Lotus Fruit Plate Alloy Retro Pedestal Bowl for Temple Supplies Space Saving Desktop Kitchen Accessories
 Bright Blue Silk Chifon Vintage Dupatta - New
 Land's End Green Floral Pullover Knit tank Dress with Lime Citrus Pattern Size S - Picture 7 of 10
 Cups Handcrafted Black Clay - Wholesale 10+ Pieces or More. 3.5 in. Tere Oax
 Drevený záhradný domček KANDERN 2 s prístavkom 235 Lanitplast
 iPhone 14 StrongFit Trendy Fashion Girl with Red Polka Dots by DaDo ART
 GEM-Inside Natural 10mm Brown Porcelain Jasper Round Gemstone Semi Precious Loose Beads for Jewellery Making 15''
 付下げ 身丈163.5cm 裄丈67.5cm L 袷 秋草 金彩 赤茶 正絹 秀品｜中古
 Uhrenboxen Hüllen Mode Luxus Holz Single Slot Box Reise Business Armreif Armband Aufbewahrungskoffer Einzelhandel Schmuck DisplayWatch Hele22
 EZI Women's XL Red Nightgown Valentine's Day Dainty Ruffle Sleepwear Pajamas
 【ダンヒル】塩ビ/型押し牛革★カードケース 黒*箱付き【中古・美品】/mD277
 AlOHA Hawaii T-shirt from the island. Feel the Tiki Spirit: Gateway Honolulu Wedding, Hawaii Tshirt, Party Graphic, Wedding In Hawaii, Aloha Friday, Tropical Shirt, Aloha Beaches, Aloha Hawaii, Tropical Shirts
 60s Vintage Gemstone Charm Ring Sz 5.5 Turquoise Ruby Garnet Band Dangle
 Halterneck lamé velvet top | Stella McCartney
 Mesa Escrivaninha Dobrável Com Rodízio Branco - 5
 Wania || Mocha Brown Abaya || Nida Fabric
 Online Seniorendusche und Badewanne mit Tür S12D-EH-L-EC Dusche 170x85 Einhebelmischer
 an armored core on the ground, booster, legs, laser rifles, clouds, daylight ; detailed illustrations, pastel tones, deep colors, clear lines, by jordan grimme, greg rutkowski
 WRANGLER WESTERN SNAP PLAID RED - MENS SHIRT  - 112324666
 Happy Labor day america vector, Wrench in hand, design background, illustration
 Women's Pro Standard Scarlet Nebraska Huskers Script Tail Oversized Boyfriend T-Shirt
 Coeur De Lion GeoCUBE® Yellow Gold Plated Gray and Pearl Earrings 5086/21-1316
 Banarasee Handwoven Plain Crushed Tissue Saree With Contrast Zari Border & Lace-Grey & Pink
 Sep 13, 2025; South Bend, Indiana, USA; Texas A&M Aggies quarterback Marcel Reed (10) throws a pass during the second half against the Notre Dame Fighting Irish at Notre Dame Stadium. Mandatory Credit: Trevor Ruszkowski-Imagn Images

Exercise brief =
Reproduce exactly the lines from the beginning of the entries above up to and including the line that contains "Cups Handcrafted Black".

Solution below =
Lotus Fruit Plate Alloy Retro Pedestal Bowl for Temple Supplies Space Saving Desktop Kitchen Accessories
 Bright Blue Silk Chifon Vintage Dupatta - New
 Land's End Green Floral Pullover Knit tank Dress with Lime Citrus Pattern Size S - Picture 7 of 10
 Cups Handcrafted Black Clay - Wholesale 10+ Pieces or More. 3.5 in. Tere Oax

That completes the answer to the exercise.